Ein Blick auf die Beschäftigten: Welche neuen Herausforderungen bzw. Qualifikationen sind notwendig?
Wolfgang Buchholz: Auch hier möchte ich eigene Forschungsergebnisse für den Bereich der Beschaffung zitieren. Im Rahmen einer Delphi Studie haben wir in einem Forschungsprojekt die folgenden fünf Fähigkeiten als zukünftig besonders wichtig identifiziert: Data Analytics-, E-Technology-, Digital Leadership-, Robot Processs Automation- und Supply Network Management-Fähigkeiten.
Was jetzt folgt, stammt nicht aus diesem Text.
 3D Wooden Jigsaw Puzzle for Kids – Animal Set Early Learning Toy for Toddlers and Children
Es zeigt sich also, dass neben technologischem Know-how auch ein neues Führungsverständnis notwendig ist.
Sie haben einen neuen berufsbegleitenden Masterstudiengang „Digital Supply Chain Management“ entwickelt. Aus welcher Notwendigkeit heraus ist dieser entstanden und wer sind die Adressaten?
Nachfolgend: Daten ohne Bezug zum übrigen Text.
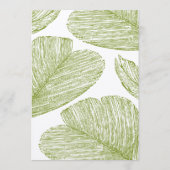 ヴィンテージパームツリー宛先ウェディングメニューカード メニュー (裏面)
Wolfgang Buchholz: Wir wollen zum einen dabei helfen, die eben angesprochenen Hindernisse zu überwinden und zum anderen die genannten Fähigkeiten vermitteln, die für eine digitale Transformation der Logistik notwendig sind. Die Adressaten sind Absolventen betriebswirtschaftlicher oder technischer Studiengänge, die sich nach ersten Praxiserfahrungen im Bereich Supply Chain Management nebenberuflich weiterqualifizieren möchten. Dazu gehören Mitarbeiter aus Funktionen, die mit der Gestaltung, Optimierung, aber auch der operativen Abwicklung entlang der Supply Chain betraut sind, sowie Interessenten von Industrie- und Handelsunternehmen, Logistikdienstleistern, Management- und IT-Beratungsunternehmen. Dabei nehmen wir keine inhaltliche Fokussierung auf einzelne Teilbereiche der Supply Chain vor. Unsere Erfahrung hat gezeigt, dass beispielsweise auch für einen Disponenten der Distributionslogistik ein Einblick in die strategische Beschaffung hilfreich sein kann. Ein Blick über den eigenen Tellerrand kann nie schaden.
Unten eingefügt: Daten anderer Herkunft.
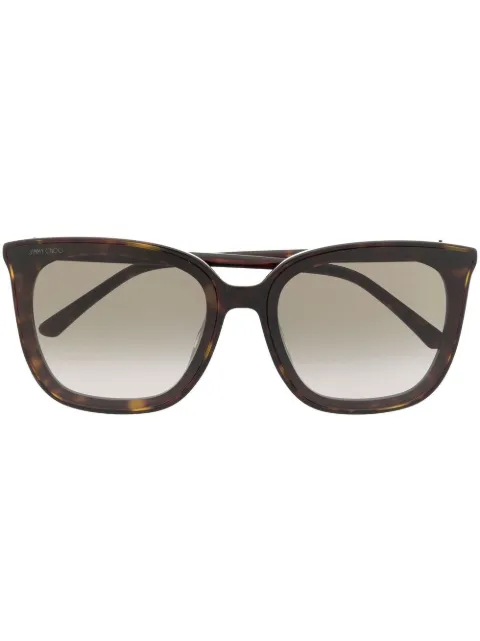 square-frame oversize sunglasses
Welche Impulse versprechen Sie sich vom neuen Angebot?
Wolfgang Buchholz: Der neue Studiengang passt hervorragend zu der strategischen Ausrichtung der FH Münster, in der das lebenslange Lernen und die intensive Vernetzung mit der Praxis propagiert wird. Dazu wollen wir gerne einen Beitrag leisten.